Owens’ filing follows a similar complaint made last month by the head of a Kentucky government watchdog group. Both complaints ask the ethics commission to investigate details of the transaction for the mansion where Bevin and his family live.

Bevin last month referred to the first complaint as political “mumbo jumbo.”

The governor bought the home and 10 acres in March for $1.6 million from a Ramsey family company, The Courier-Journal has reported.

Bevin has said he purchased the home through a limited liability company for liability and estate planning purposes, not to try to hide anything. Owens’ complaint, however, questioned whether the LLC was created in hopes of “shrouding the ownership.”

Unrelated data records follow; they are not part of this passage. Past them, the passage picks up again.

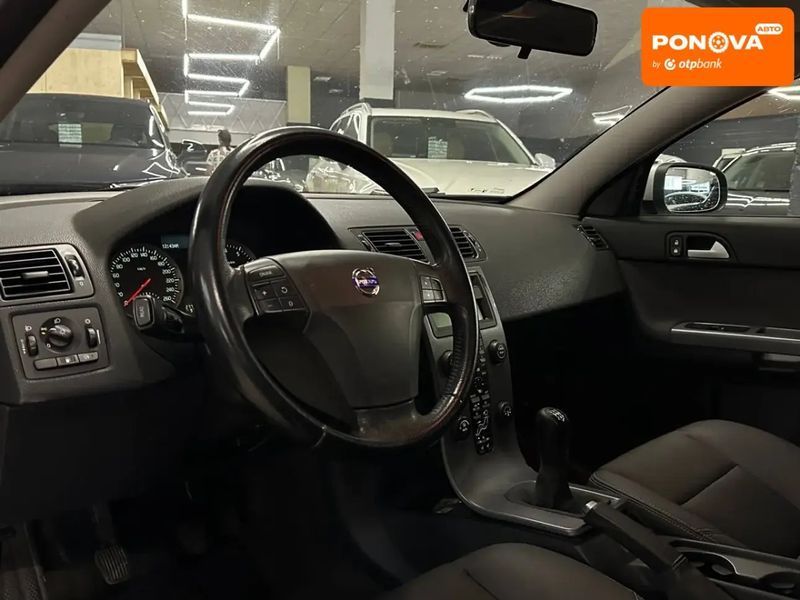 Volvo V50, 2006 г., Бензин, 277 тыс. км, Универсал, Серый, Николаев AT-10410909 фото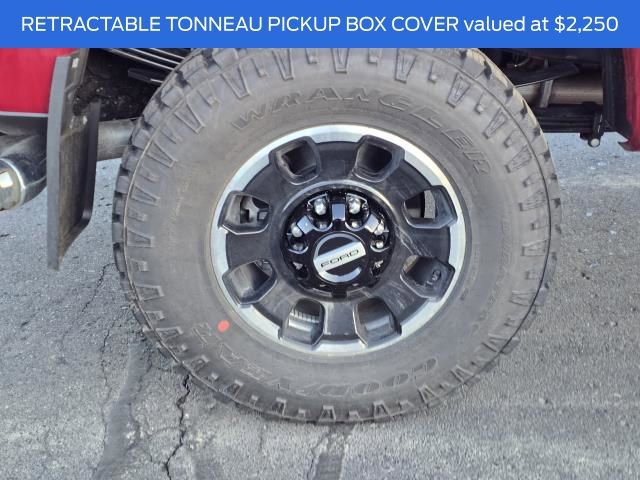 New 2026 Ford F250 Platinum w/ Platinum Plus Package image 10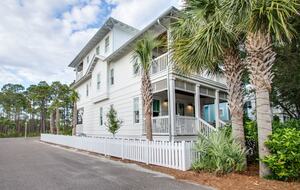 Carillon Beach Home with Gulf and Lake Views - Panama City Beach, Florida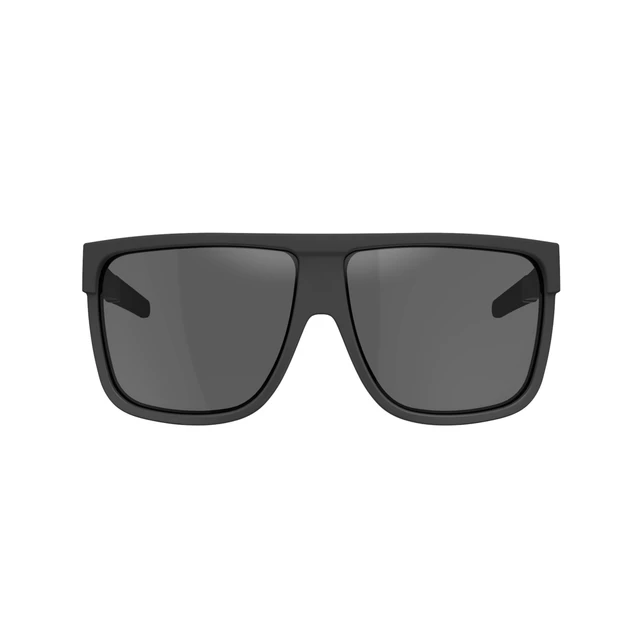 Sport-Sonnenbrille Tripoint Rajka - Shiny Transparent Brown Gradient Brown Cat.3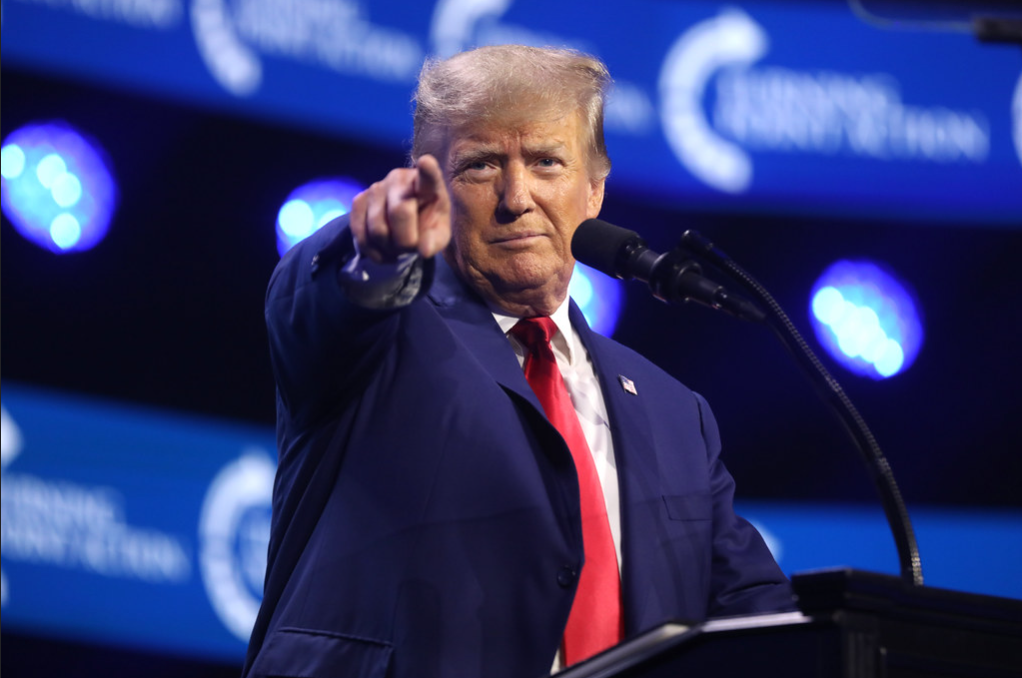Trump Offering $1,000 To Any Migrant Who Leaves US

The governor appointed Ramsey to the Kentucky Retirement Systems governing board last year. Ramsey did not return a call to the KRS office Monday, but Bevin recently defended him as “a guy who is doing nothing but serving the people of Kentucky.”

As for Ramsey’s appointment to the KRS board, Bevin said at the time: “You think that’s a lottery pick?” Kentucky is struggling to plug a massive shortfall in its pension system.

Bevin purchased a portion of the property that includes the house.

The Jefferson County property valuation administrator valued the entire 19-acre tract at $2.97 million, The Courier-Journal has reported. Officials in the Louisville suburb of Anchorage valued the same property at $2.2 million, the Louisville newspaper said.

Bevin has appealed the Jefferson County appraisal.

His attorney, Richard Hornung, said the Anchorage valuation “appears to be much more accurate.” He said the $1.6 million purchase price for the home and 10 acres “is a very realistic and fair price” when factoring in easements and deed restrictions on that part of the property, and when considering the value of the property not purchased.